Russian scientist Dedkova said “Of course, we are in need of additional money, especially for collecting wood samples at high latitudes and in remote regions. The cost of field works in these areas is increased many times during the last some years[….] Also, it is important for us if you can transfer the ADVANCE money on the personal accounts[…]. Only in this case we can avoid big taxes and use money for our work as much as possible.” She did not say “wire it to one of my usual Swiss bank accounts. To hell with the research, it’s time for a new private jet!”

Overpeck said “I’ve also seen the quote about getting rid of the MWP – it would seem to go back many years, maybe even to around the TAR. I’ve no idea where it came from. I didn’t say it!”. He did not say “but let’s do it, data be damned!”

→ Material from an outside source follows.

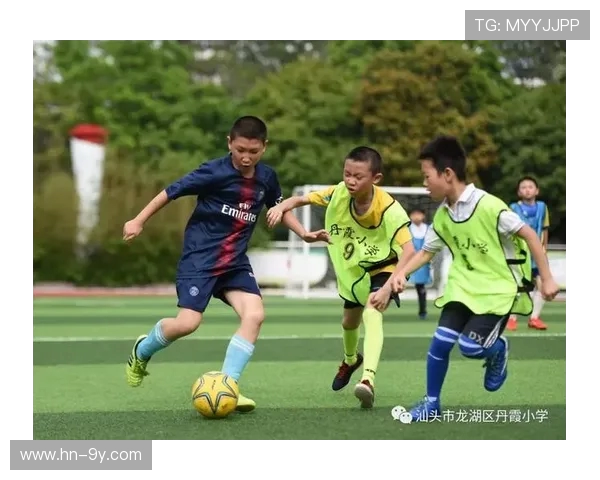 河南队足球桌垫设计独特 彰显球队精神与地方特色的完美融合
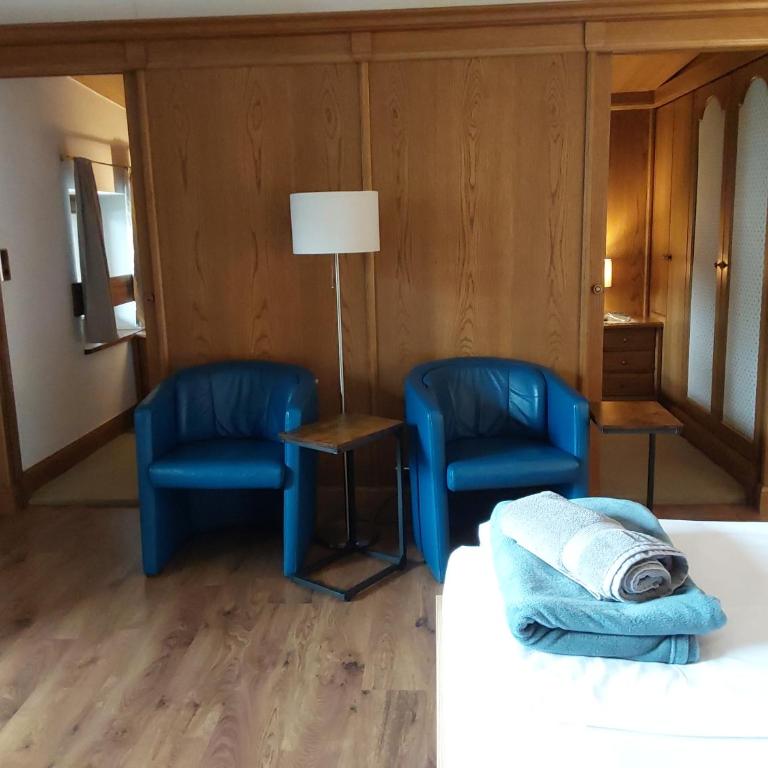 Gästehaus Huber - Familienzimmer mit Bergblick - 4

Phil Jones said about the “FOI person” “Once they became aware of the types of people we were dealing with, everyone at UEA […] became very supportive.” He did not say “too bad everyone likes McIntyre, it will make it harder to resist his FOI requests.”

Ben Santer said “If the RMS is going to require authors to make ALL data available – raw data PLUS results from all intermediate calculations – I will not submit any further papers to RMS journals.” He did not say “because that would reveal all my fraudulent research. We should eliminate the RMS.”

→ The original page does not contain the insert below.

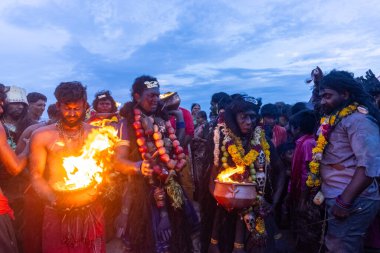 Kulashekharapatnam, Tamilnadu, Hindistan - 11 Ekim 2024: Hint Hindu dindar, yüzü boyalı ve tarikat karakteri gibi giyinmiş, kulasai dasara festivalini akşam ateşle gerçekleştirmek için.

Mike Mann said about the journal GLR “They have published far too many deeply flawed contrarian papers in the past year or so. There is no possible excuse for them publishing all 3 Douglass papers and the Soon et al paper. These were all pure crap.” He did not say “These were all good research, but they don’t toe the party line”

Mike Mann said “legitimate scientific skepticism is exercised through formal scientific circles, in particular the peer review process. A necessary though not in general sufficient condition for taking a scientific criticism seriously is that it has passed through the legitimate scientific peer review process. those such as McIntyre who operate almost entirely outside of this system are not to be trusted.” He did not say “those such as McIntyre who operate almost entirely outside of this system can not be controlled.”

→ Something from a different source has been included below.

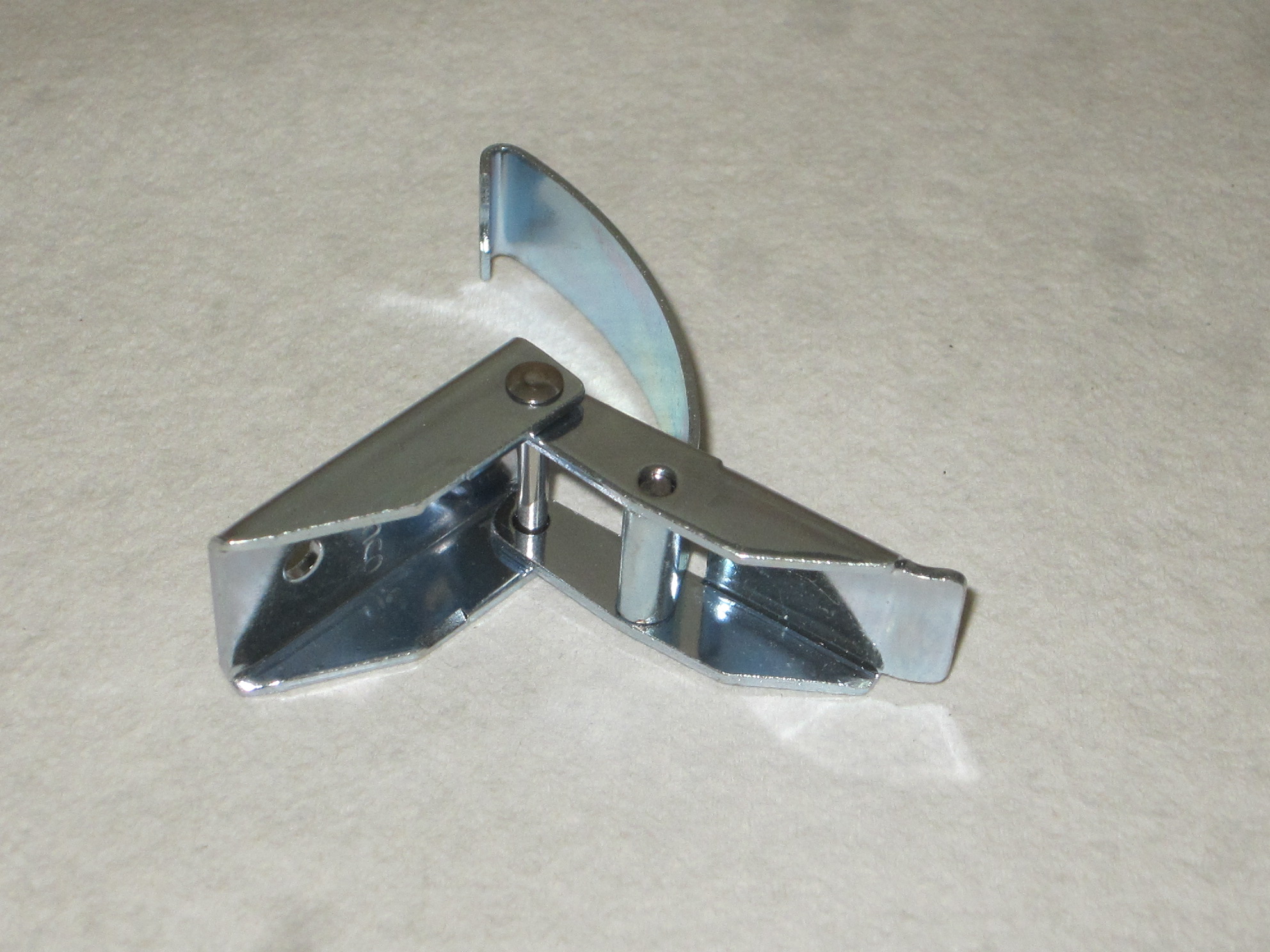 JLG Part # 2940157 | LATCH,OVER CENTER DRAW, EA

Gary Funkhouser said “I pulled every trick out of my sleeve trying to milk something out of [the Kyrgyzstan proxy material]. […] I don’t think it’d be productive to try and juggle the chronology statistics any more than I already have – they just are what they are.” He did not say “so I had to fix the data.”

Phil Jones said “I can’t see either of these papers being in the next IPCC report. Kevin and I will keep them out somehow”. And yet they did appear in the next IPCC report.

I guess the serious point behind this facetious exercise is that what the emails contained is less revealing than what they did not contain. If the conspiracy theorists are to be believed, somewhere in these thousands of private emails should have been something serious, something incriminating without removing the context or reading between the lines in the most paranoid way possible. The best the denialosphere had was the infamous “hide the decline” comment which only worked when intentionally stripped of all context. There should have been something more than petty, ordinary character flaws. Some candid admission that what they are doing is wrong, or risky. Some confession that the sceptics were right. Some mention of enjoying the ill gotten gains.

But there is no there there, and there never was.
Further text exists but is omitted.